Wed, Dec 04, 2019 - Page 12 News List

Kwang Yang plans 15 ‘greener’ scooters

REDUCING POLLUTION:People buying fuel-powered scooters that meet Phase 7 emissions standards could receive up to NT$5,000 if they retire their old scooter

By Lisa Wang  /  Staff reporter

Kwang Yang Motor Co chief executive officer Ko Chun-ping gestures at the launch of two new scooters, which meet Phase 7 emissions standards, in Taipei yesterday.

Photo: CNA

Kwang Yang Motor Co (光陽工業), the nation’s largest manufacturer of gasoline-powered scooters, plans to defend its market position next year by rolling out 15 new gasoline-powered scooter models that meet the government’s Phase 7 emissions standards.

To cope with stringent emissions requirements, the company yesterday launched two scooters that it says produce 96 percent less greenhouse gas emissions than scooters that meet the Phase 6 emissions standards.

The older-generation scooters would be phased out, the company said.

The Kaohsiung-based company said that local scooter makers are gearing up to launch new low-emission models after the Environmental Protection Administration (EPA) in October introduced the new scooter emissions law to reduce air pollution, which is to go into effect next year, one year earlier than originally scheduled.

The EPA plans to subsidize purchases of fuel-powered scooters that meet the new emissions standards for two years, beginning next year.

People would receive NT$5,000 each for retiring their heavy scooters, or NT$3,000 for light models.

“We will roll out 15 new models gradually that meet Phase 7 emissions standards next year,” Kwang Yang chief executive officer Ko Chun-ping (柯俊斌) told reporters at a year-end media gathering in Taipei.

Sanyang Motor Co (三陽), the No. 3 scooter maker in Taiwan, also plans to launch seven new scooters that meet the Phase 7 standards.

Three of them are to hit the market next month, the company said in a statement yesterday.

Regarding the outlook for the local scooter market next year, Ko maintained a conservative attitude.

“The scooter market will see a volatile year in 2020, as the government’s policies will greatly affect consumers’ behavior,” he said.

Ko said he expects the nation’s scooter sales to shrink 1.16 percent to 855,000 units next year from an estimate of 865,000 units for this year.

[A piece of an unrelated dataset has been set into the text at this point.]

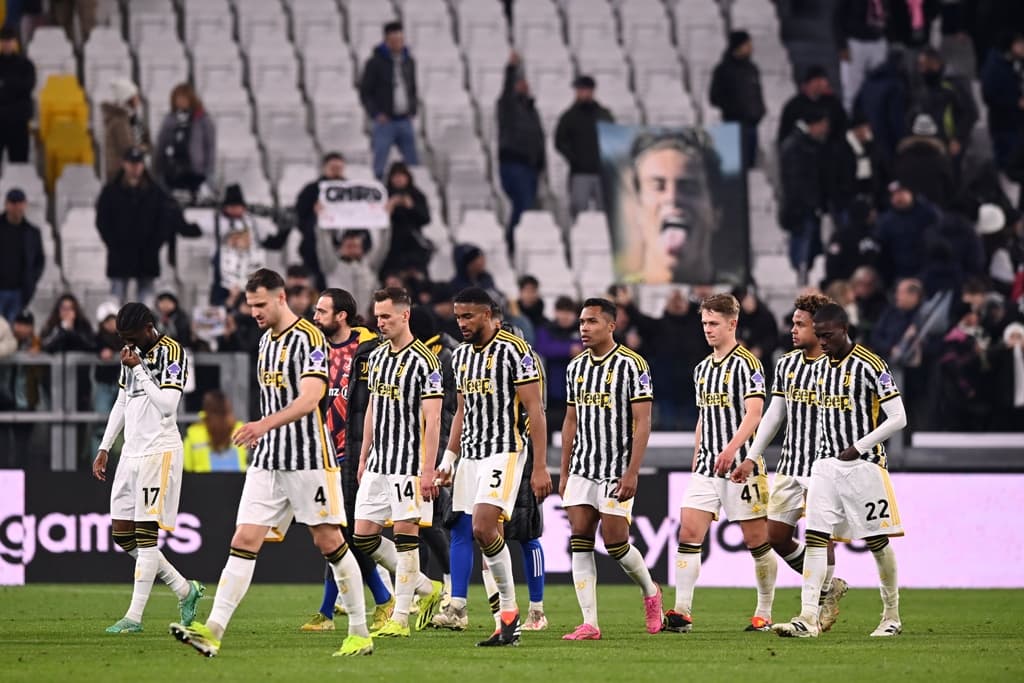 Serie A: Meglepő Juventus-vereség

Electric scooters are expected to comprise 13.5 percent of the nation’s overall scooter market next year compared with 17.5 percent this year, as a result of government subsidy cuts, he said.

Since early this year, Ko has been calling on the government to scrap the commodity tax on gasoline-powered scooters so that companies can fairly compete with electric scooter manufacturers, rather than just lowering the tax by NT$4,000 per vehicle to replace an old one.

The government levies a 17 percent commodity tax on the retail price of gasoline-powered scooters, but not on electric scooters.

Kwang Yang plans to launch three or four electric scooters next year, Ko said.

The company operates 550 recharge stations where riders can recharge their electric scooters or swap empty batteries for fully charged ones, he said.

Kwang Yang sold 266,394 own-brand scooters, including 8,506 electric models, in the first 11 months of this year, seizing a 33.5 percent share of the market, Ko said.